Believing they were too late to change the outcome, the tribe initially asked Werkheiser to seek compensation to help care for artifacts and the reburial of any ancestral remains.
But once the tribe became a full-blown participant, they learned something: There were other possible sites for the pumping station. The counties just thought this was the cheapest.
At that point, the strategy changed. Branham said the tribe dropped its interest in compensation and set out to protect the site.
By the summer of 2019, the Monacans were in what Werkheiser called “government-to-government” consultation with the U.S. Army Corps of Engineers, pressing their concerns as a sovereign entity.

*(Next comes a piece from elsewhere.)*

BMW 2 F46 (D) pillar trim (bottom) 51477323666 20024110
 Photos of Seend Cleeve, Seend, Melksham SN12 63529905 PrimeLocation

They raised questions about the permitting process, and especially the archaeological survey work that the water authority had commissioned to certify that construction wouldn’t disturb any major historic site.

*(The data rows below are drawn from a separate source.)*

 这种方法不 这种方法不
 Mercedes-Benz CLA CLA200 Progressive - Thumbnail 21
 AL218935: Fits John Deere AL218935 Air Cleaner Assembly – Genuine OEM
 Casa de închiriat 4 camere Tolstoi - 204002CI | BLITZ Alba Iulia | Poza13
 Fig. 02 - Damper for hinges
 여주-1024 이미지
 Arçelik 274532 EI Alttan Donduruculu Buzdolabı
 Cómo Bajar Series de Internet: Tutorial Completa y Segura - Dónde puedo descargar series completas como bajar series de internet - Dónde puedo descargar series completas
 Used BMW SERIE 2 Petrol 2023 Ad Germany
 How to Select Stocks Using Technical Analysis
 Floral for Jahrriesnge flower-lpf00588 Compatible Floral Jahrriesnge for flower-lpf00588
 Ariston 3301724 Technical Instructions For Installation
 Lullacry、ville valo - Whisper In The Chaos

The water authority contends that any spot along the James River is going to turn up historic artifacts.
“Yes, it’s a very significant historical site,” said Curtis, the authority’s lawyer. “There are a lot of areas up and down the James River that have been inhabited for thousands of years, a lot of historic sites.”
As for whether this is Rassawek: “It’s fair to say it’s been inconclusive,” Curtis said. “Some historians have put it at [nearby] Elk Island, or farther up on Point of Fork.”

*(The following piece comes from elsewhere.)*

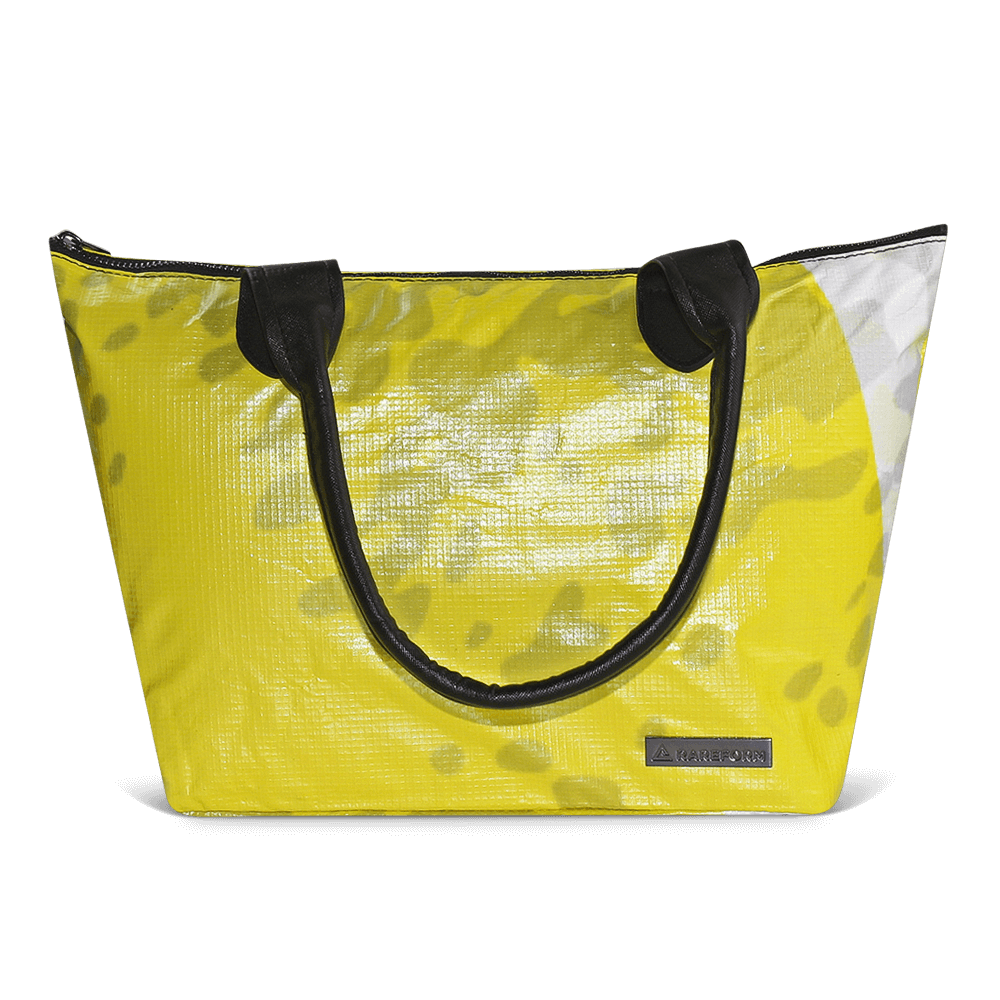 Ella Tote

But the Monacans believe the evidence here is strong. In July, they persuaded Gov. Ralph Northam (D) to visit Point of Fork and hear their concerns. State and national preservation groups had begun to join in opposing the project.
Two months later, Langan, of the state Department of Historic Resources, dropped a bombshell: She said the project’s archaeologist, Carol Tyrer, had improper academic credentials. There would be no permit until a more suitable archaeologist had conducted a review.
Tyrer has filed a lawsuit challenging the state’s ruling. Her office referred a reporter to her lawyer for comment; the lawyer did not respond to an email or phone call.
In her suit against the state, Tyrer said her graduate degree in global affairs with a concentration in world history and culture qualifies as a “related field” in meeting state guidelines for archaeological work. She said the Department of Historic Resources’ action is “an arbitrary and capricious abuse of power, exceeds the scope of the power granted to DHR . . . and is not in accordance with law.”
Meanwhile, the project is on hold. The Corps of Engineers rescinded an earlier permit and demanded a more thorough review. A spokesman for Northam said the governor stands by Langan’s call for a new archaeologist.
“He wants to ensure a level playing field and fair process for those who seek to preserve their cultural heritage,” spokeswoman Alena Yarmosky said via text message.
The water authority has hired another consultant to work with Tyrer and said it would investigate the claims of improper practices. It is analyzing other possible sites and plans to resubmit its applications in the coming weeks, Curtis said.
Several adjacent landowners side with the tribe. “Nobody is against water, there just has to be another spot,” said George Bialkowski, 52, who with his wife owns 72 acres near the point.
For now, the site remains undisturbed, apart from fields harvested for cattle feed. White sycamore, oak and maple trees march along the banks toward the point where the brown rivers slowly converge from either side. Chief Branham picks his way through undergrowth, notices deer tracks in the mud.
“Can you imagine four or five hundred years ago, canoes running up and down the river over here?” he says. “People, children — living normal family life. It was a town.”
Twenty years ago, Branham was part of a group of Monacans who received ancestral remains that had been on display in a Richmond museum. They wrapped them in red cloth and reburied them.
“If you’ve never had the experience of opening up a box — ” he said, his voice trailing off with emotion. “Taking those skeletons and putting them in cloth, looking at them and knowing it was a kid — I never want to go through that again.”
Better to let them lie where they are, he said. “This is our history. It’s part of who we are.”